Oil up on hints of a looming OPEC+ cut; U.S. inventory data awaited

By Barani Krishnan

Investing.com -- Oil prices rose about 1% Tuesday for their biggest leap in two weeks, as traders responded to hints that producer alliance OPEC+ could announce another production cut at its December meeting to deepen the 2-million-barrel-per-day reduction put in place this month.

Expectations that U.S. crude inventories would have fallen last week for a second week in a row also boosted sentiment in oil. 

Even so, London-traded Brent crude traded well below this month’s peak of almost $100 a barrel, while New York’s West Texas Intermediate was sharply off November’s $93 high as the Covid rampage in China continued to dominate headlines, raising concerns that capital Beijing might be headed for a full lockdown next.

WTI for delivery in January settled up 91 cents, or 1.1%, at $80.95 per barrel. The U.S. crude benchmark hit a 10-month low beneath $76 on Monday.

Brent settled up 91 cents, or 1%, at $88.36. The global crude benchmark slumped to a nine-month low of under $83 in the previous session.

Crude prices appeared to have bottomed as of Monday after Saudi Energy Minister Abdulaziz bin Salman, who’s in charge of OPEC+, denied a Wall Street Journal report that the 23-nation oil producing coalition was planning a production hike instead to be announced on Dec. 4.

Abdulaziz also said something else that made a bigger impact on oil bulls: “If there is a need to take further measures by reducing production to balance supply and demand, we always remain ready to intervene.” 

In OPEC+ speak, it was the clearest sign that another production cut might be coming in December as the alliance intends to restore its pricing power in a market that had lost a stunning 20% of its value over the past two weeks.

Brent went from a low of around $82 a barrel to almost $100 within days of OPEC+’s announcement of the November cut of 2M barrels per day.
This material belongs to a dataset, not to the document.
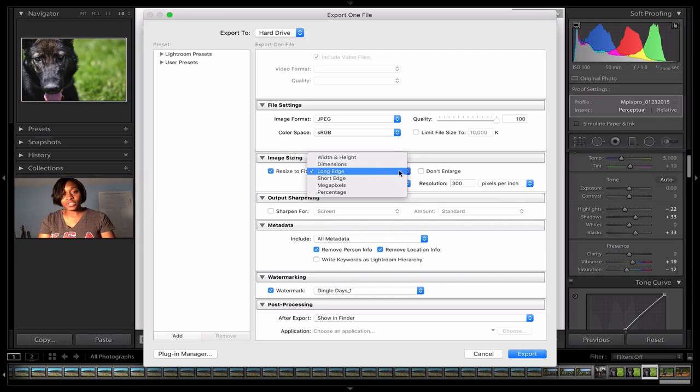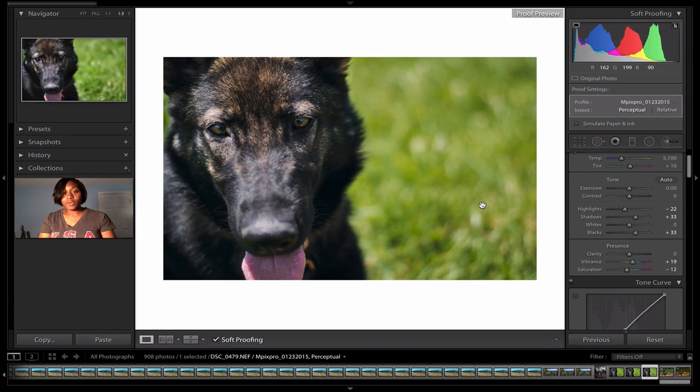No need to limit the file size — you want as large a file as possible to maintain the most quality. Select 'Resize to Fit' along the long edge. For a five by seven print, the longest edge is seven inches, so enter seven and make sure the unit is set to inches. For resolution, keep that at 300. Metadata is up to personal preference. Add a watermark if you want, then click Export — that's all you need to do.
On Monday though, Brent sank to $82.36 a barrel, its weakest since February, before Abdulaziz’s remarks virtually brought it back into positive territory with a settlement of $87.45.

WTI climbed from around $76 a barrel to about $96 after the November production cut announced by OPEC+. On Monday, the US crude benchmark hit $75.30, its lowest since January, before rebounding on Abdulaziz’s remarks to settle modestly lower on the day, at $80.04.

“The recent oil price slide was overdone and given global economic activity excluding China won’t completely fall off a cliff, prices should continue to stabilize here,” said Ed Moya, analyst at online trading platform OANDA. 

But granted, oil bulls and bears were in “a tug-of-war, with China Covid demand concerns getting countered with what appears to be a motivated Saudi Arabia to keep the oil market tight”, Moya added.

Covid control restrictions now weigh on a fifth of China’s economy as infections continue their upward march, defying the central government’s call for more targeted, less disruptive Covid Zero measures, Bloomberg reported Tuesday. It cited 27,307 new cases for Monday alone, just shy of the previous record 28,973 reached in April when Shanghai’s outbreak sparked a surge in infections.

“For China, moving away from ‘zero-Covid’ is easier said than done,” NBC said in another report. Beijing is facing its most severe Covid test yet after the Chinese capital saw the country's first coronavirus deaths in six months, with infections continuing to soar, according to other reports. A full Beijing lockdown could have a disastrous impact on the Chinese economy, experts warn.

Market participants were also on the lookout for U.S. weekly oil inventory data, due after market settlement from API, or the American Petroleum Institute.

The API will release at approximately 16:30 ET (21:30 GMT) a snapshot of closing balances on U.S. crude, gasoline and distillates for the week ended November 18. The numbers serve as a precursor to official inventory data on the same due from the U.S. Energy Information Administration on Wednesday.

For last week, analysts tracked by Investing.com expect the EIA to report a crude stockpile drop of 1.06-M barrels, versus the 5.4-M barrel reduction reported during the week to November 11.

On the gasoline inventory front, the consensus is for a smaller build of 383,000 barrels over the 2.2M-barrel rise in the previous week.

With distillate stockpiles, the expectation is for a drop of 550,000 barrels versus the prior week’s gain of 1.12M.